§ Your objective: Only the lines from the one containing "Gorgeous pool overlooking" through the end of the material should be printed, exactly as they appear. Leave out pictures.

§ Data section:
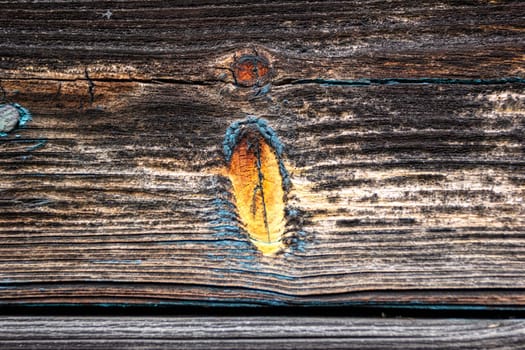 Close-up of an old board from a fence. Faded paint. Lost from time.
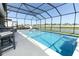 Gorgeous pool overlooking a lake, enhanced by a covered patio and stylish outdoor furniture at 13617 Haulover Beach Ln, Orlando, FL 32827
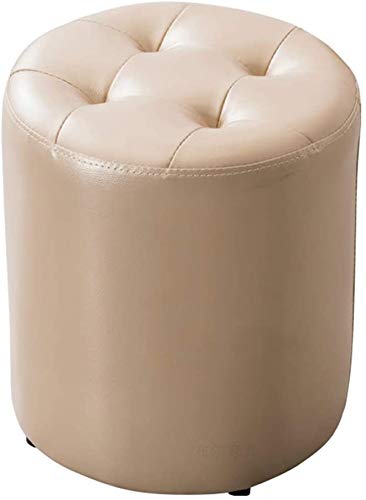 Pouf ottoman rond en cuir champagne pour créer un coin lecture cosy dans la chambre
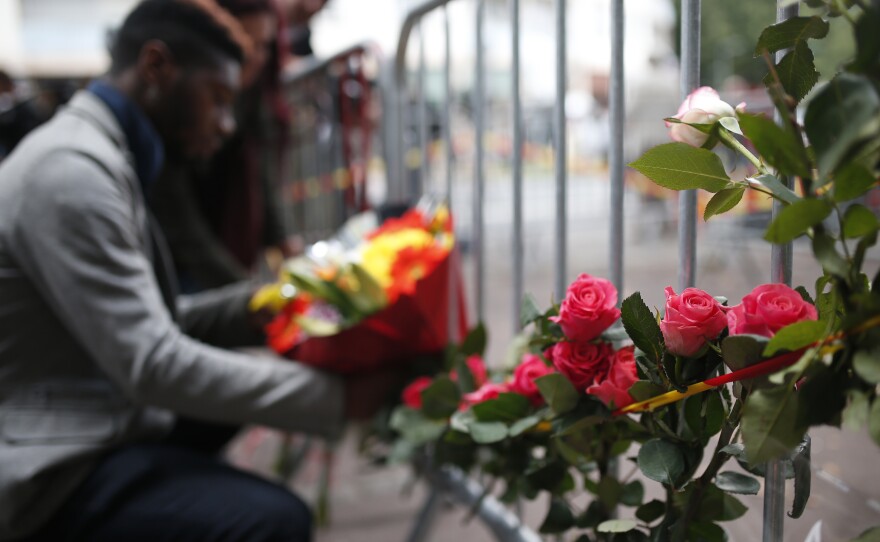 A man places flowers outside the scene of the fire.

§ Result:
 Gorgeous pool overlooking a lake, enhanced by a covered patio and stylish outdoor furniture at 13617 Haulover Beach Ln, Orlando, FL 32827
 Pouf ottoman rond en cuir champagne pour créer un coin lecture cosy dans la chambre
 A man places flowers outside the scene of the fire.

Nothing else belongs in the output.